PROBLEM STATEMENT: Exactly as written, print out each entry in the data, with no pictures.

Brief descriptive captions:
****************************************

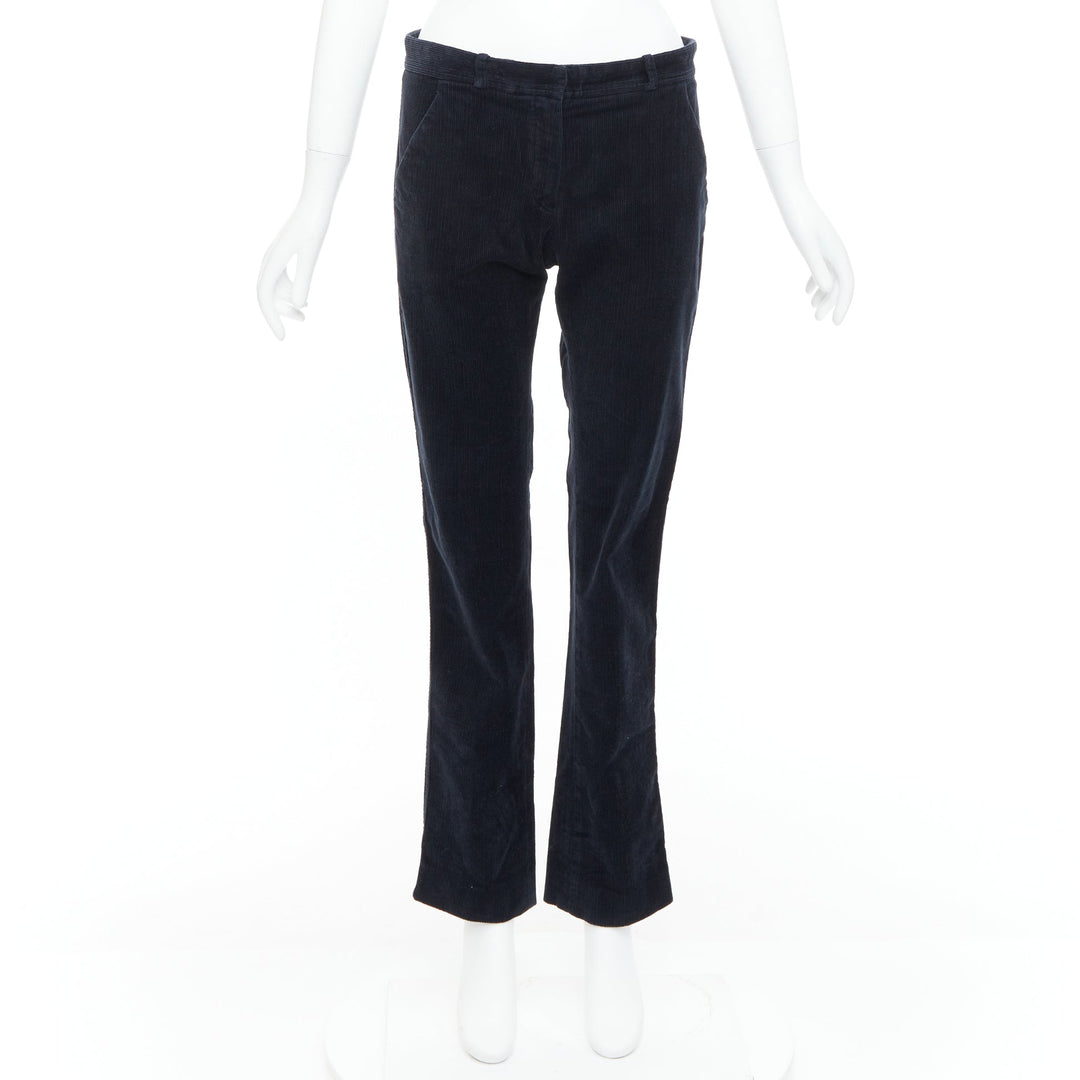 BALENCIAGA 2011 black corduroy mid waist straight leg pants FR36 S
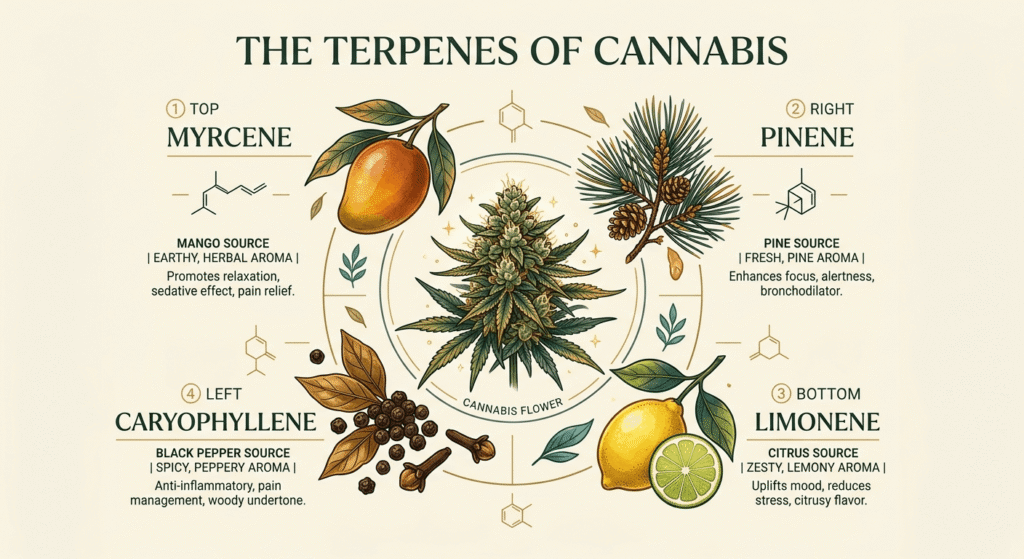 Infographic showing key cannabis terpenes myrcene pinene limonene and caryophyllene with their source plants
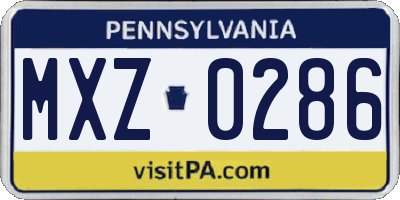 PA license plate MXZ0286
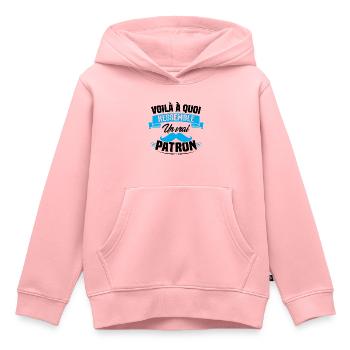 Voilà à quoi ressemble un vrai patron - Sweat Premium à capuche enfant bio - rose - Devant - AI Model Kid Female (0cm)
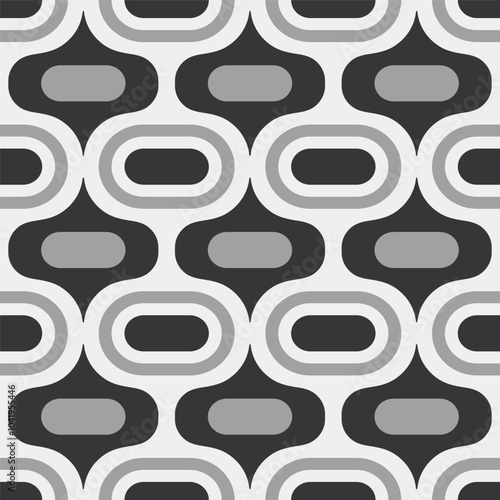 Retro Atomic ogee ovals grey black Vector Pattern. Mid-century modern style Atomic capsules monochrome black seamless pattern.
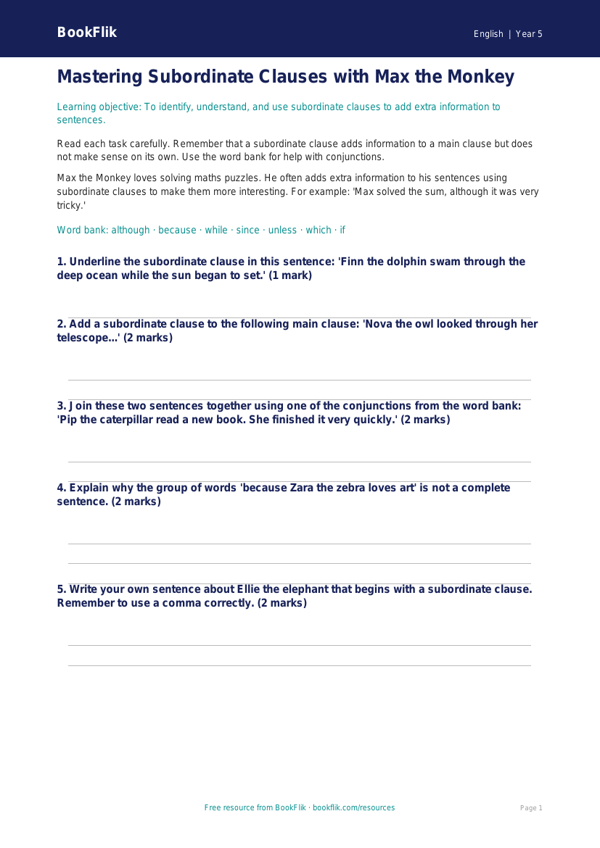 Free Subordinate Clauses Worksheet | Class 5 | English | BookFlik worksheet preview — English Subordinate Clauses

****************************************

FINISHED EXERCISE:
 BALENCIAGA 2011 black corduroy mid waist straight leg pants FR36 S
 Infographic showing key cannabis terpenes myrcene pinene limonene and caryophyllene with their source plants
 PA license plate MXZ0286
 Voilà à quoi ressemble un vrai patron - Sweat Premium à capuche enfant bio - rose - Devant - AI Model Kid Female (0cm)
 Retro Atomic ogee ovals grey black Vector Pattern. Mid-century modern style Atomic capsules monochrome black seamless pattern.
 Free Subordinate Clauses Worksheet | Class 5 | English | BookFlik worksheet preview — English Subordinate Clauses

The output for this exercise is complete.